What will states do when they see that the first hurdle is well beyond reach? Do they abandon the race for that project and send their contractors off to another race? How many projects can they cancel before everyone decides to go and play another game? The states are just as concerned about the contractors about wasting scarce estimating resources; on top of that, they have to worry about their own limited administrative capacity.
To maximize their return, states are going to have to make extraordinary efforts to see that contractors get past the first hurdle safely. They will have to choose projects that aren't likely to have design errors, or have significant questions be raised during bidding. They will have to add staff resources and motivate oversight reviewers to process the volume of contracts more quickly than ever before. They will have to respond nearly instantly to the inevitable questions that the bidders will ask about even simple projects. And it is still not clear at what point the federal government will declare that they are home free.
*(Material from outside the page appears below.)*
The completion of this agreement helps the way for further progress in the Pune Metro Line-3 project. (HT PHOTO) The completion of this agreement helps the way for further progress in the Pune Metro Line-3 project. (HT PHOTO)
And once they've gotten to the shovel-ready stage, they still have to run the arduous second leg of the race in record time, on ground that will be rougher than ever before. There is going to be enormous federal and public scrutiny of the execution of every project that makes it to building stage. Then there's the worry about suppliers--in a credit crunch, you have to choose suppliers carefully, and spread work out between them, so that an ill-timed bankruptcy doesn't delay your project past the Federal deadline.
This is something that many states have yet to fully consider. The credit crunch means that suppliers are finding it just as hard to maintain working capital resources as any other small business. In a deflationary environment, with orders drying up, suppliers will be trying to quote prices low enough get them a piece of the action. But the construction industry is often plagued by long lags between supplying equipment or labor, and getting paid for it; suppliers who bid too low to pay their second-tier suppliers or their workers risk putting themselves out of business. On the other hand, if they ask for cash up front, then maybe only the well-capitalized firms get to participate at enhanced profit margins, and they get shut out.
The states are going to have to scrutinize the fiscal stability and volume commitments of their supply chains in ways that they have traditionally avoided. If they do not, they risk the failure of a key supplier and the chance that they make it to completion dates that they must clear to get that federal funds prize. By the time a supplier failure actually happens, there is usually no turning back. Much of the money will already be owed to the contractors, and the communities will already be disturbed by the contract impacts. There is nothing more damaging to the fabric of a community than a troubled construction contract that just can't be finished. So this is just one more point to which the state will have to run without any assurance that the feds will help them to pay for the project.
There is one bright side. States may choose to declare all of the economic stimulus projects to fall under the emergency provisions that usually allow the most rigidly bureaucratic states to bypass the normal routines and respond like gazelles. (Perhaps our president was laying the groundwork for this when he called the recession a "disaster" on Friday.) But that then asks the most embarrassing of questions...why the normal any way? Why can't we run like gazelles all the time?